Exercise requirements:
In the records that follow, find the line with "Yenilenmiş Samsung Galaxy"; from there, retype every line exactly through the line with "New 2026 Ford", which also belongs to the answer.

Records shown:
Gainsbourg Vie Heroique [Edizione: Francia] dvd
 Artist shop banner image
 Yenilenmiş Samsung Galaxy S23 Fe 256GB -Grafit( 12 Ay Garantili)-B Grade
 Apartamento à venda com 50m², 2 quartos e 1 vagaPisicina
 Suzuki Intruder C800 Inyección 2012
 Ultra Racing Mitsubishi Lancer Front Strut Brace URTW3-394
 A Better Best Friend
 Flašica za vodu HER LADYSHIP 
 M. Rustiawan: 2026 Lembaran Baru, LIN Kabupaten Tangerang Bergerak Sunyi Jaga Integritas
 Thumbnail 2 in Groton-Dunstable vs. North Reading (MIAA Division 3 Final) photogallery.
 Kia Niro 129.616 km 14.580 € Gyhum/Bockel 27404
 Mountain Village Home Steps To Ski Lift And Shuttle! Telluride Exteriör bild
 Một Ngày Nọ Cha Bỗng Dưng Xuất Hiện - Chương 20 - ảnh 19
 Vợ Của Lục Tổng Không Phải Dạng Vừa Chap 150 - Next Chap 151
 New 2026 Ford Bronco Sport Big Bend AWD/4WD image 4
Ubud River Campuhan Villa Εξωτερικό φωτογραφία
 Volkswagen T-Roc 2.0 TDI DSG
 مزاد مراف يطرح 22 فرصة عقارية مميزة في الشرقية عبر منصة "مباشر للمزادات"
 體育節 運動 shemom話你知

Your response:
 Yenilenmiş Samsung Galaxy S23 Fe 256GB -Grafit( 12 Ay Garantili)-B Grade
 Apartamento à venda com 50m², 2 quartos e 1 vagaPisicina
 Suzuki Intruder C800 Inyección 2012
 Ultra Racing Mitsubishi Lancer Front Strut Brace URTW3-394
 A Better Best Friend
 Flašica za vodu HER LADYSHIP 
 M. Rustiawan: 2026 Lembaran Baru, LIN Kabupaten Tangerang Bergerak Sunyi Jaga Integritas
 Thumbnail 2 in Groton-Dunstable vs. North Reading (MIAA Division 3 Final) photogallery.
 Kia Niro 129.616 km 14.580 € Gyhum/Bockel 27404
 Mountain Village Home Steps To Ski Lift And Shuttle! Telluride Exteriör bild
 Một Ngày Nọ Cha Bỗng Dưng Xuất Hiện - Chương 20 - ảnh 19
 Vợ Của Lục Tổng Không Phải Dạng Vừa Chap 150 - Next Chap 151
 New 2026 Ford Bronco Sport Big Bend AWD/4WD image 4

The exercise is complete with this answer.